* [WHAT IS REQUIRED]
Search the material for the word "communicate" and copy every line in which it occurs.

* [DATA EXTRACT]
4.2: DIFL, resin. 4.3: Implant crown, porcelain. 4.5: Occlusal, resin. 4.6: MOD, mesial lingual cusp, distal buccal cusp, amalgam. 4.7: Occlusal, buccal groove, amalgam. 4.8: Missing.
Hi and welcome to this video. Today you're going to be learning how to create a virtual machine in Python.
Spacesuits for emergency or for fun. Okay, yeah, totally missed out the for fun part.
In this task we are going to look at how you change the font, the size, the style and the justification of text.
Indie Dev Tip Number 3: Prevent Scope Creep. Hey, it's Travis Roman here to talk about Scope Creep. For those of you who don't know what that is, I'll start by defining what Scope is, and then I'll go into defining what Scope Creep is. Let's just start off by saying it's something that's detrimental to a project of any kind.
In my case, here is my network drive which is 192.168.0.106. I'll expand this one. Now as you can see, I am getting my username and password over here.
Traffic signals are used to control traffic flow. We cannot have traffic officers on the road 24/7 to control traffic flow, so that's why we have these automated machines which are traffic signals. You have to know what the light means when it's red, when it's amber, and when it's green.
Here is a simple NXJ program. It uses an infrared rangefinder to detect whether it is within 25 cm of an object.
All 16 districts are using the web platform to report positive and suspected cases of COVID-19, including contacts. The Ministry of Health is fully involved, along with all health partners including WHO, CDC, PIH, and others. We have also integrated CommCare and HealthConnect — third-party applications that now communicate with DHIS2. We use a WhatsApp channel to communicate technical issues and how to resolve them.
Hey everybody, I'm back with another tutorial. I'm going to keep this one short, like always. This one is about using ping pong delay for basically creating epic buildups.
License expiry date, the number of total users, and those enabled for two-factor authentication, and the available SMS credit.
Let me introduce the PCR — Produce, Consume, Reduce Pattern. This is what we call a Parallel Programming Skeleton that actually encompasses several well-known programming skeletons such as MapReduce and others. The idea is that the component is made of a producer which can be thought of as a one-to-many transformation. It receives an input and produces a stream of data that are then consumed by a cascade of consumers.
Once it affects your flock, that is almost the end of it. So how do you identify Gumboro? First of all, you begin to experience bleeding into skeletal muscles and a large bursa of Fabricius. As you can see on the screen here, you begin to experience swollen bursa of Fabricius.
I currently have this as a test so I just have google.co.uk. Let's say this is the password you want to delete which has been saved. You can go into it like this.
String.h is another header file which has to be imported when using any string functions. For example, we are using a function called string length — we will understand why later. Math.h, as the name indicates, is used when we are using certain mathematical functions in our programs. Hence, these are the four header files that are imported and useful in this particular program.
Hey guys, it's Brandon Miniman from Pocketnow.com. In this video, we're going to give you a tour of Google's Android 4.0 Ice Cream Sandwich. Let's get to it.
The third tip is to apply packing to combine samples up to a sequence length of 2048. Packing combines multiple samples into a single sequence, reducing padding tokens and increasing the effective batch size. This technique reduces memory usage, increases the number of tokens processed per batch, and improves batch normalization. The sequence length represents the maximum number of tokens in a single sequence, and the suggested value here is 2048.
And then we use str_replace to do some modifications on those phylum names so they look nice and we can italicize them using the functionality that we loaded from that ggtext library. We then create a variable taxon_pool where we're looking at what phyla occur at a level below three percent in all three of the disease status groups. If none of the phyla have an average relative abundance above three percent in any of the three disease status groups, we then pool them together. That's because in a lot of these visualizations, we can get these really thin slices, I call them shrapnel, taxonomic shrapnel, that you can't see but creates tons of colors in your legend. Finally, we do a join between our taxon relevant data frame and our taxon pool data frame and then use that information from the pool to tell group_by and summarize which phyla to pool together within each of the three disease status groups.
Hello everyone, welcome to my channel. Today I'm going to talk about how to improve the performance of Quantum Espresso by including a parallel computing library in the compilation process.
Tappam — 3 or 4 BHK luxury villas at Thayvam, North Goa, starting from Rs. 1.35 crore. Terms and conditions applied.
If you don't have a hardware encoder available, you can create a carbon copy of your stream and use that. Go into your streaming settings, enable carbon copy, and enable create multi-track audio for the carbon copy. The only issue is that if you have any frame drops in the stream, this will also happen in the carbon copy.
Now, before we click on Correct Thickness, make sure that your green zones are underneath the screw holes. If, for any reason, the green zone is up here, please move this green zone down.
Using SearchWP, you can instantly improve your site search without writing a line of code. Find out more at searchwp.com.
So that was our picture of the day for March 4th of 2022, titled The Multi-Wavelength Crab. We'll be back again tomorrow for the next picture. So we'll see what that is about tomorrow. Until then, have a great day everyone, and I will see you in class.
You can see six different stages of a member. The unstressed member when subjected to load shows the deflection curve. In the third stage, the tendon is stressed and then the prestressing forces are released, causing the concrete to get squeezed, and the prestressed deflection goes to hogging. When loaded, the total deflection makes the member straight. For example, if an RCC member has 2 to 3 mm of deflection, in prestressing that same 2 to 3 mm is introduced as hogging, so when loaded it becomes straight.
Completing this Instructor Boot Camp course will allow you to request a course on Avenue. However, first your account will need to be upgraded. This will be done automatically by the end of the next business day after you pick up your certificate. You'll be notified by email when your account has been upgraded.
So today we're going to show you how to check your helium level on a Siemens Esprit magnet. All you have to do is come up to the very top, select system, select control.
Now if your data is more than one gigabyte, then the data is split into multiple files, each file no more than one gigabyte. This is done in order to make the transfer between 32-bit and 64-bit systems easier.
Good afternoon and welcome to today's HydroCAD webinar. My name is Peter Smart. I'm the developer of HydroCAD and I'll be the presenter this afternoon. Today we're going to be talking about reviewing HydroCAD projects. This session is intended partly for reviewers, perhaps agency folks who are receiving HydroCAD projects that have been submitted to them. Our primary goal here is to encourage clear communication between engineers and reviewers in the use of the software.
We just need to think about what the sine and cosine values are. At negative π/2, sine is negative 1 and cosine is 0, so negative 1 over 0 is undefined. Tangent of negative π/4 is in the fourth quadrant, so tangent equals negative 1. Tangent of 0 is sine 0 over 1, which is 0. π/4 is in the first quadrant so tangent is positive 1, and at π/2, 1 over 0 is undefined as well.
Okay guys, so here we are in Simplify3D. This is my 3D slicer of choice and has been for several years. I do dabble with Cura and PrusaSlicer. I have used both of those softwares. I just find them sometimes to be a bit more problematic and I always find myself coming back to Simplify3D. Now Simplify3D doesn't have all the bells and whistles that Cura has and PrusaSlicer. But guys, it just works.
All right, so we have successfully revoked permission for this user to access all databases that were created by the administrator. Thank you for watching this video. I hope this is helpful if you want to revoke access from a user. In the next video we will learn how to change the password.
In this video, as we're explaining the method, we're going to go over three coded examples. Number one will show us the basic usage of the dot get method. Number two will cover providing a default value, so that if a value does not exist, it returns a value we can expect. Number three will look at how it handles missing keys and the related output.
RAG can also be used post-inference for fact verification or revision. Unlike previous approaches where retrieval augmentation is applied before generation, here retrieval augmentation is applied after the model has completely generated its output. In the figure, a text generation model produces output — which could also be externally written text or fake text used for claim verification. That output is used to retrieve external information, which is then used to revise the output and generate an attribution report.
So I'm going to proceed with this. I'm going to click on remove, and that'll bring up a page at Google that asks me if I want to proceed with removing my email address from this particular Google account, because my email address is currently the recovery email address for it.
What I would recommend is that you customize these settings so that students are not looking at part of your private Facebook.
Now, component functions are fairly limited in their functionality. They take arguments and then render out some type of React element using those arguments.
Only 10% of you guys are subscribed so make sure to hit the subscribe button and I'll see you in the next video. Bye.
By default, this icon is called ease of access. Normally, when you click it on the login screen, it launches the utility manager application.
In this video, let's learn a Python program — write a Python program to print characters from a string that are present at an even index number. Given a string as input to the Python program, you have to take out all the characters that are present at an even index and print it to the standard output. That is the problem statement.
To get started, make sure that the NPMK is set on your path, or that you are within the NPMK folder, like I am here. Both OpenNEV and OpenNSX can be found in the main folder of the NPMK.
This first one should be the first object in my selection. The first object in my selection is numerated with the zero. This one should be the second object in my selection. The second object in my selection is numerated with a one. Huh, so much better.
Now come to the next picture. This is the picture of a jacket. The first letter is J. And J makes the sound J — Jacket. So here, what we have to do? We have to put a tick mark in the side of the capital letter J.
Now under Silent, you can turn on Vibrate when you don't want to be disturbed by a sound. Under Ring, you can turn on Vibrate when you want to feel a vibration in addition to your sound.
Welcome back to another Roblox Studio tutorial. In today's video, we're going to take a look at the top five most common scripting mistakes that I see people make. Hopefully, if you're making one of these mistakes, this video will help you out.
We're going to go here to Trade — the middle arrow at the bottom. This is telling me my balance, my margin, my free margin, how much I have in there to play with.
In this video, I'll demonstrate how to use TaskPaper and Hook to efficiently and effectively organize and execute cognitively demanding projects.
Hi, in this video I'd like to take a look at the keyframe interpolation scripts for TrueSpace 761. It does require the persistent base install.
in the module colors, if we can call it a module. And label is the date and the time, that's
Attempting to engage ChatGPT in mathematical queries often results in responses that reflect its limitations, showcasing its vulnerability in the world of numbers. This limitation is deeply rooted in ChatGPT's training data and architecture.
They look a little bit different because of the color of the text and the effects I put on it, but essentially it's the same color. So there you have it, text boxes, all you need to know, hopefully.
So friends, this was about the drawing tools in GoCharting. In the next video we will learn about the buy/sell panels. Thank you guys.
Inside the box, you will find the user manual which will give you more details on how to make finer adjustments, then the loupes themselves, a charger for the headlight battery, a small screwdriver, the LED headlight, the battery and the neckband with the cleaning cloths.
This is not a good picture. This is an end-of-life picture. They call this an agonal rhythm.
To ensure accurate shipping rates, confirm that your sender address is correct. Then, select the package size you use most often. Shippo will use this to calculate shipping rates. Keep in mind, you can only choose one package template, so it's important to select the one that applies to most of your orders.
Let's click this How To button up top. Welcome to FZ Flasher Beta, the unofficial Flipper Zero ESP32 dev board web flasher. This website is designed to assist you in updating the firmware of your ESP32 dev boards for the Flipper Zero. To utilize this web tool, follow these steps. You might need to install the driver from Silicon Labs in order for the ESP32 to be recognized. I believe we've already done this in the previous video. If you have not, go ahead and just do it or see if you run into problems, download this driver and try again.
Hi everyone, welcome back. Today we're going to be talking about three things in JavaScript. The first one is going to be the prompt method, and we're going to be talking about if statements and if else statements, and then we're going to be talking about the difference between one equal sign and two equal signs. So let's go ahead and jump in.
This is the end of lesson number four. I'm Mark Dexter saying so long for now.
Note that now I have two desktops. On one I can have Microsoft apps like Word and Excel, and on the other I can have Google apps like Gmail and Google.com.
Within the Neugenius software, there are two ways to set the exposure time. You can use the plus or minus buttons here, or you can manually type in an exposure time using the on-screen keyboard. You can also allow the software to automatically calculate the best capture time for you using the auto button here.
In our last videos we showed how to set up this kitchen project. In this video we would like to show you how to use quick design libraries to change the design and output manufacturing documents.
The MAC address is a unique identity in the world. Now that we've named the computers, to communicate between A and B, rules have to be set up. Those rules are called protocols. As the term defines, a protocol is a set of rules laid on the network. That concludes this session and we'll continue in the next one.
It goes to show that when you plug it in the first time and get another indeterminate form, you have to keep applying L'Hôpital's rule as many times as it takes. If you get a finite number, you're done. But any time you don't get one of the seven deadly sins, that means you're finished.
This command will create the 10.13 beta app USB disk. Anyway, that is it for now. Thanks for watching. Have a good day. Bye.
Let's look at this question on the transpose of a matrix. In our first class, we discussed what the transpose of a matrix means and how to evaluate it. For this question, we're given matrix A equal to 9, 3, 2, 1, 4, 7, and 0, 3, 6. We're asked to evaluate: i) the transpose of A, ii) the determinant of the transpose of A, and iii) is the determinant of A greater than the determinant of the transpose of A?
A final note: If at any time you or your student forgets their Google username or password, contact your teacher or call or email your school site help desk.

* [RESULT OF THIS EXERCISE]
All 16 districts are using the web platform to report positive and suspected cases of COVID-19, including contacts. The Ministry of Health is fully involved, along with all health partners including WHO, CDC, PIH, and others. We have also integrated CommCare and HealthConnect — third-party applications that now communicate with DHIS2. We use a WhatsApp channel to communicate technical issues and how to resolve them.
The MAC address is a unique identity in the world. Now that we've named the computers, to communicate between A and B, rules have to be set up. Those rules are called protocols. As the term defines, a protocol is a set of rules laid on the network. That concludes this session and we'll continue in the next one.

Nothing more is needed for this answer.